Put simply, holistic engineering is an approach that sees design as an interconnected whole.  It seeks to integrate the skills and methodologies of designers from multiple disciplines into a collaborative effort for the good of the project.

Every discipline has its own priorities and concerns, but we are all connected by the project, and we must never lose sight of how our designs, decisions and changes may impact other disciplines.

Knock-on consequences of design changes

It’s vital for us all to collaborate from the start, understanding not only the visions of the client and architects but also the drivers of each engineering discipline, and how our designs impact on each other’s. Then, once the project’s underway, we must maintain the communication to ensure we understand the impact of every change we make to our designs and the challenges these may cause to other disciplines.

Rather than hiding inside our silos we should look over our walls and take a 360-degree view to consider how what we are doing will affect others. What will be the knock-on consequences of a new beam on the services, for example?  If a larger chiller plant is required, how will it affect the structural loads, and will it be too noisy? A change in the specified façade glass might affect the internal environment and thus require the input of the mechanical or electrical engineers.

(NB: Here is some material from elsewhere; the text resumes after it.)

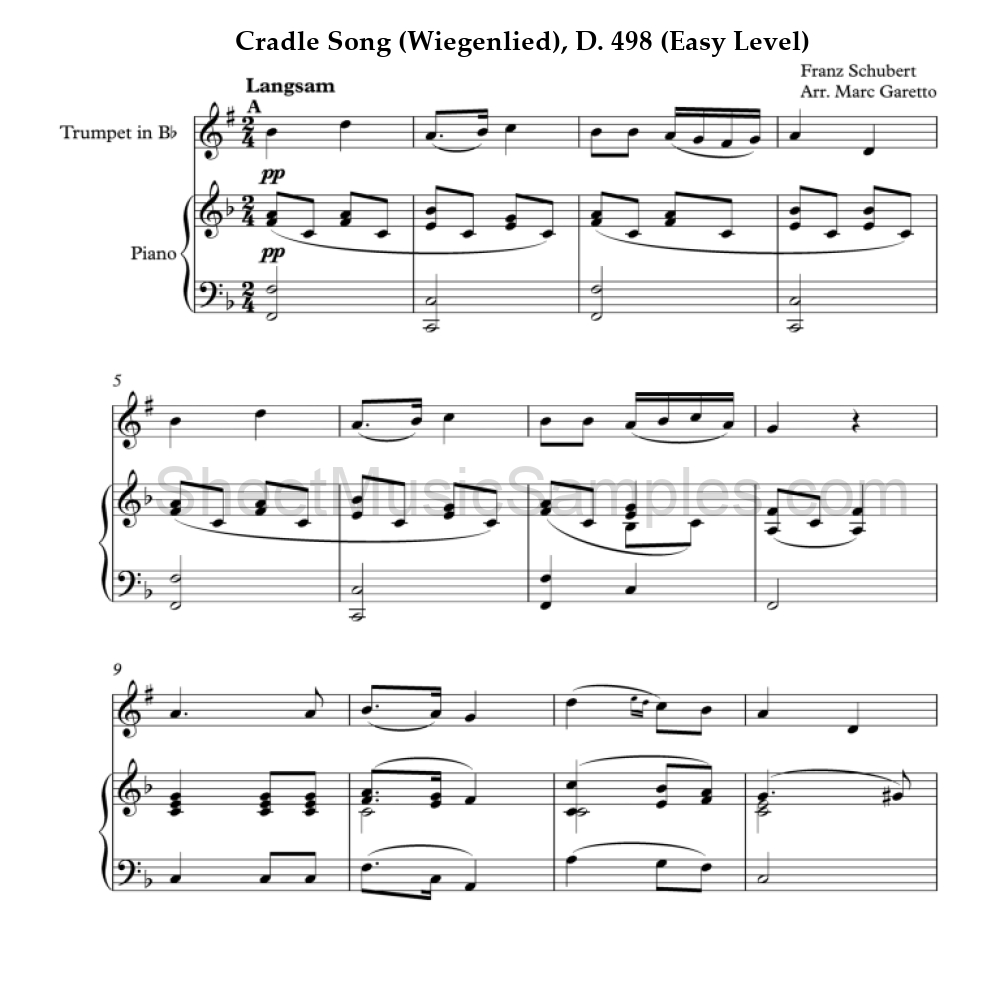 Cradle Song (Wiegenlied), D. 498 (Easy Level)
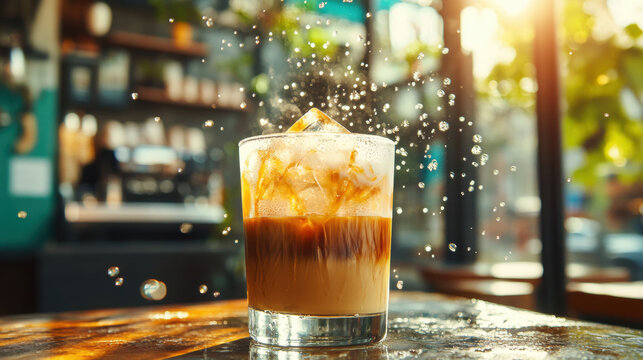Coffee lover, A person enjoying iced coffee in a sunny café, captured in high fidelity, perfect for lifestyle and food-related content.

A bigger riser may affect the building frame or the core layout, and have impacts for the VT or the fire engineer. These are just a few examples of the impact of design changes in a multi-disciplinary project.

It’s also worth remembering that, while, of course, we all aim for optimum value for our own discipline there may be alternative solutions that may not be the cheapest for us, but bring best value for the project.

How do we adopt this holistic approach?

Communication is the key. From the start, I like to have a weekly call with the leader of each discipline involved in the project. It really helps to get into each other’s heads, understand what everyone is most passionate about and what matters most to them. If every discipline leader is committed to being holistic, this naturally leads to all our engineers on the project engaging in that approach. This in turn helps the architect and the client, because it allows them to focus on solving the building problems, not the discipline problems.

Holistic design approach for 22 Bishopsgate

22 Bishopsgate, which will be London’s second tallest tower when complete, provides an example of the benefits of a holistic approach. As structural engineers, when designing the steelwork, we were under pressure from the contractor to deliver the designs within a very tight timeframe to enable the costings to move forward. This didn’t give the MEP engineers enough time to generate their services in the developing REVIT model, so we didn’t know where to put the penetrations in the beams for the air ducts. So structures and MEP sat down together and discussed a solution that would work for us all. This was to cut a rectangular void in the beams all around the core. It was a simple, cost-free solution that had no impact on the stiffness of the structure, it provided MEP with what they required for their services, and it enabled us to release the information early enough for the contractor’s pricing requirement.

A holistic approach is client-centric

This holistic engineering approach requires the engagement of all our colleagues from all disciplines involved in a multidisciplinary project, in conversation with the architect and the client. And if they see the benefits of us all pulling together for the sake of the project, delivering solutions that are of most value, they will come back to us in the future.

In essence, a holistic engineering approach is a client-centric approach, and can be a significant differentiator between us and other companies who can offer multidiscipline services.